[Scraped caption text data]
/---
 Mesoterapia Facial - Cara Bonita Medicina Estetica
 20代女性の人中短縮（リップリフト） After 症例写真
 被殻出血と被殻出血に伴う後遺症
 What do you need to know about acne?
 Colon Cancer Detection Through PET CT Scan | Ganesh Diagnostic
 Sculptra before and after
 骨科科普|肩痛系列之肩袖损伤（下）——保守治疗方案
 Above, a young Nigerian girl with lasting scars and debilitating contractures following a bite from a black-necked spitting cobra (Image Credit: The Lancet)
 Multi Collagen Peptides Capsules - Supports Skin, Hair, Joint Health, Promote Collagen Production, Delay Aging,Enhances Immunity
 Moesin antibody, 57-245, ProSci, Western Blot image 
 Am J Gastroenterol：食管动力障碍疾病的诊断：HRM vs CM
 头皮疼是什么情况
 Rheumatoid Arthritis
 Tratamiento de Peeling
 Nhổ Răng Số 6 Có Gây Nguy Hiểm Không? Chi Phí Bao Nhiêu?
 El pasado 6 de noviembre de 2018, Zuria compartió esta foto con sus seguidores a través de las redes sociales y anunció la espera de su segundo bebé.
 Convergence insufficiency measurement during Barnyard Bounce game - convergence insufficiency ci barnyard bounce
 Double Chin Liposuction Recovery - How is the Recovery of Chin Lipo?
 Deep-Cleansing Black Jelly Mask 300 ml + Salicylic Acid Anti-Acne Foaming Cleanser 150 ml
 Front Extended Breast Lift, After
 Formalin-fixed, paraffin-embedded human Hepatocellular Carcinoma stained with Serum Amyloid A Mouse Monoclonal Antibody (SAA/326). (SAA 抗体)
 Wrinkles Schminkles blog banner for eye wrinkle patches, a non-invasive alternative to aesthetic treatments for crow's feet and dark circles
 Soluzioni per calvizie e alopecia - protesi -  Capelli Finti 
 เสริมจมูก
\---
§ EXERCISE
Output all of the data again, exactly.

§ ANSWER SECTION
 Mesoterapia Facial - Cara Bonita Medicina Estetica
 20代女性の人中短縮（リップリフト） After 症例写真
 被殻出血と被殻出血に伴う後遺症
 What do you need to know about acne?
 Colon Cancer Detection Through PET CT Scan | Ganesh Diagnostic
 Sculptra before and after
 骨科科普|肩痛系列之肩袖损伤（下）——保守治疗方案
 Above, a young Nigerian girl with lasting scars and debilitating contractures following a bite from a black-necked spitting cobra (Image Credit: The Lancet)
 Multi Collagen Peptides Capsules - Supports Skin, Hair, Joint Health, Promote Collagen Production, Delay Aging,Enhances Immunity
 Moesin antibody, 57-245, ProSci, Western Blot image 
 Am J Gastroenterol：食管动力障碍疾病的诊断：HRM vs CM
 头皮疼是什么情况
 Rheumatoid Arthritis
 Tratamiento de Peeling
 Nhổ Răng Số 6 Có Gây Nguy Hiểm Không? Chi Phí Bao Nhiêu?
 El pasado 6 de noviembre de 2018, Zuria compartió esta foto con sus seguidores a través de las redes sociales y anunció la espera de su segundo bebé.
 Convergence insufficiency measurement during Barnyard Bounce game - convergence insufficiency ci barnyard bounce
 Double Chin Liposuction Recovery - How is the Recovery of Chin Lipo?
 Deep-Cleansing Black Jelly Mask 300 ml + Salicylic Acid Anti-Acne Foaming Cleanser 150 ml
 Front Extended Breast Lift, After
 Formalin-fixed, paraffin-embedded human Hepatocellular Carcinoma stained with Serum Amyloid A Mouse Monoclonal Antibody (SAA/326). (SAA 抗体)
 Wrinkles Schminkles blog banner for eye wrinkle patches, a non-invasive alternative to aesthetic treatments for crow's feet and dark circles
 Soluzioni per calvizie e alopecia - protesi -  Capelli Finti 
 เสริมจมูก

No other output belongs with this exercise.